I have illustrated the book with stories from my own experience to show the real life applicability of the principles outlined in part 1. In doing so, I don’t intend to hold myself up us an example to follow. Rather, I hope to show that I am just as fallible, error-prone and human as every other researcher. Each of us has many barriers to overcome if we are to reach our goals. I hope that by sharing part of my personal story, I may spur others to find new ways of overcoming the unique barriers that face them. I hope that by integrating insights from my own experience with lessons from the literature and from those I interviewed for this book, I have developed principles that are sufficiently broad and deep to apply in your own unique circumstances.

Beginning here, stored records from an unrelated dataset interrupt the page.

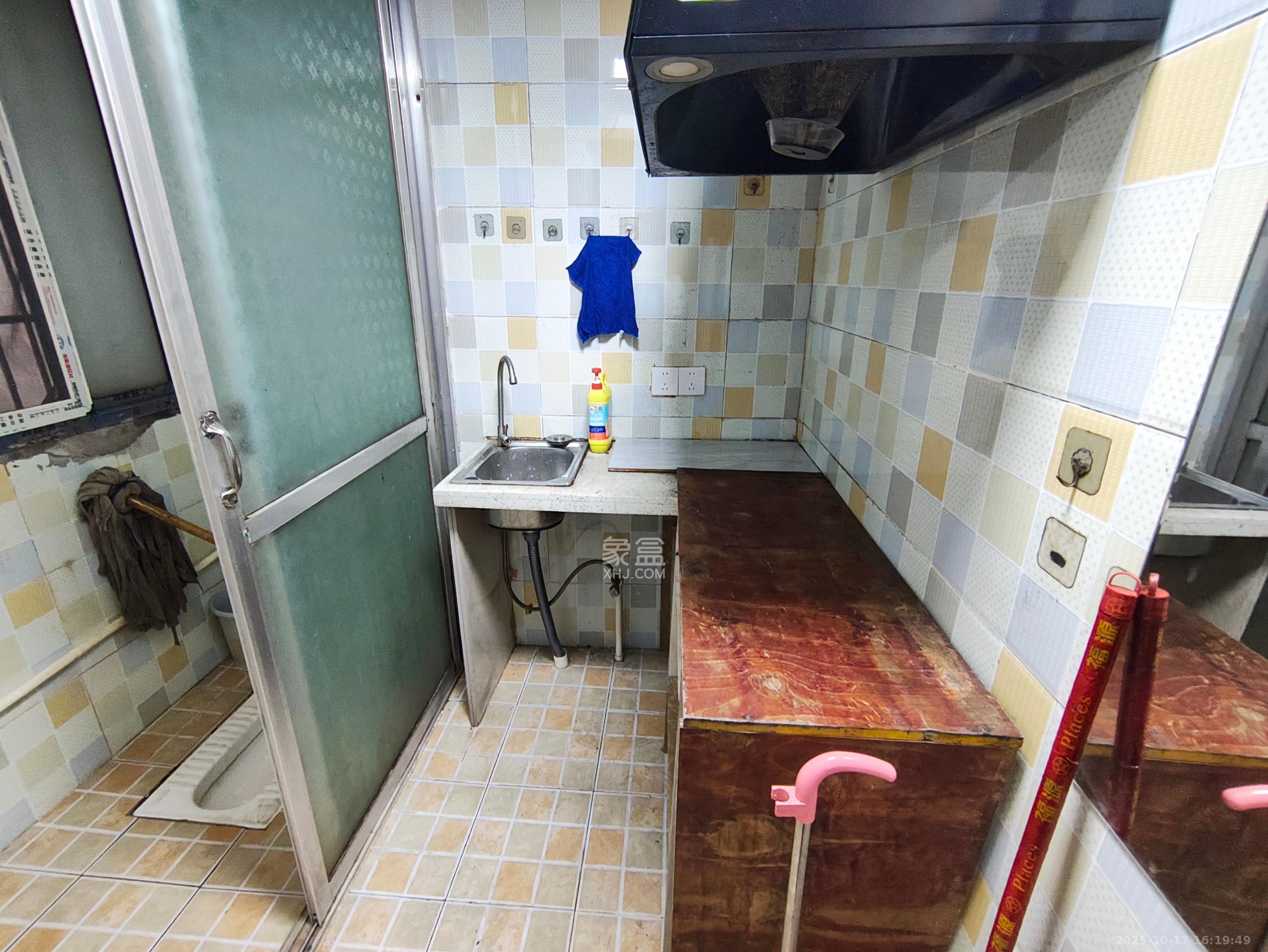 上碧湘街散盘  1室0厅1卫    900.0元/月室内图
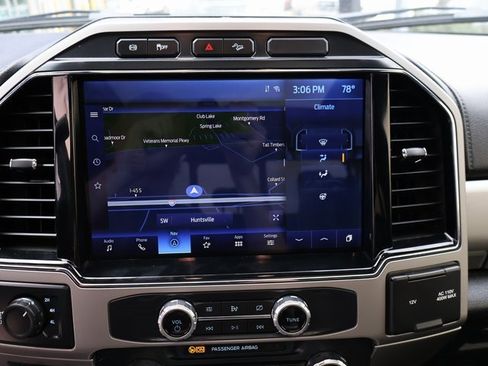 Used 2022 Ford F250 Lariat w/ Lariat Ultimate Package image 28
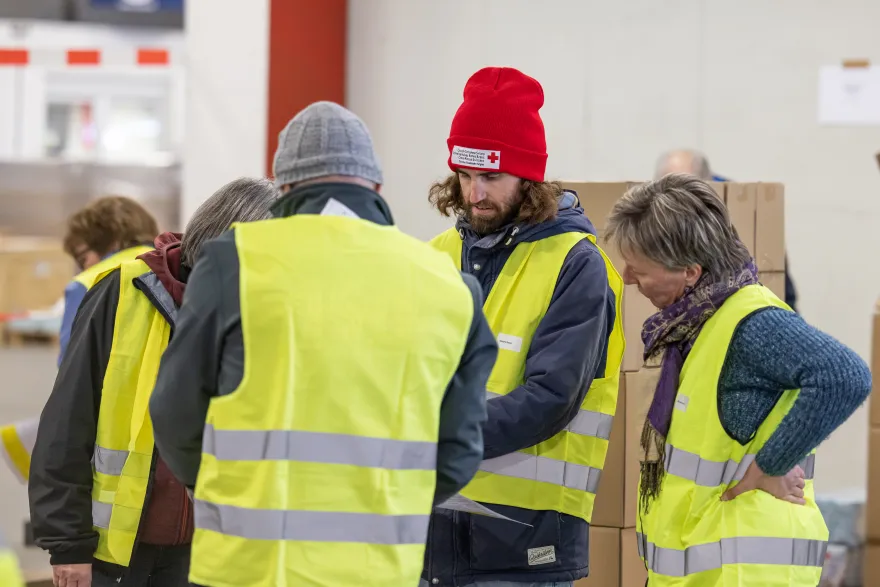 Freiwillige am Verteiltag 2 x Weihnachten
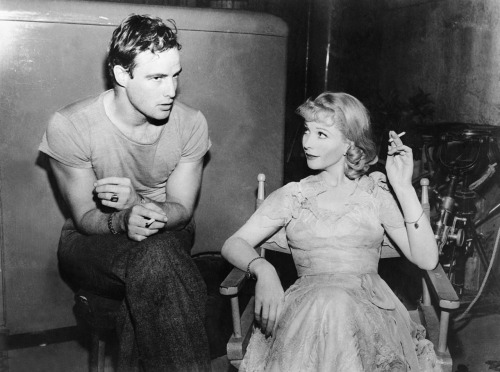 drseusssicide:  frass:  ~ Marlon Brando & Vivien Leigh on the set of A Streetcar Named Desire, 1951 .  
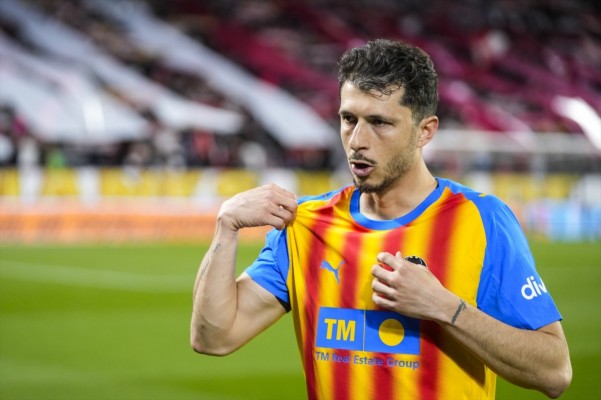 Guido Rodríguez: “Estoy muy contento de estar en el Valencia de nuevo”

I believe that researchers need these ideas now more than ever before. More and more PhDs are being awarded, but the rate of funding and jobs isn’t keeping pace, which is driving increased and intense competition. Finding ways to become more productive may help early career researchers secure a long-term academic role. For those who have secured such a role, the pressures are different but no less intense. More than a third of UK academics responding to a 2012 survey said that they worked more than 50 hours a week. Two years later, that figure had risen to 41%, and by 2016, academics were working 51 hours per week on average. Figures are similar in the United States, with postdocs working 51 hours per week and faculty staff working 55 hours per week.
For most of us, that would be fine if we felt we were actually achieving what we wanted. Sadly, most of us are familiar with the feeling of leaving work with a “to do” list that is longer than when we started the day. As a result, most researchers I know regularly work many evenings and weekends. This is often the only time they can find to do some of the most important parts of their job, like writing, after their working day has been eaten up by endless administrative tasks, teaching and emails. An ex-colleague of mine recently told me how he had taken a 40% pay cut by going part-time so he could get his evenings and weekends back (he now works 40 hours a week).
It doesn’t have to be like this. It is possible to do more and better research, and get your life back. It took me half my career to work it out, but I now know how I and many other researchers have done it. This book explains how you can do it too.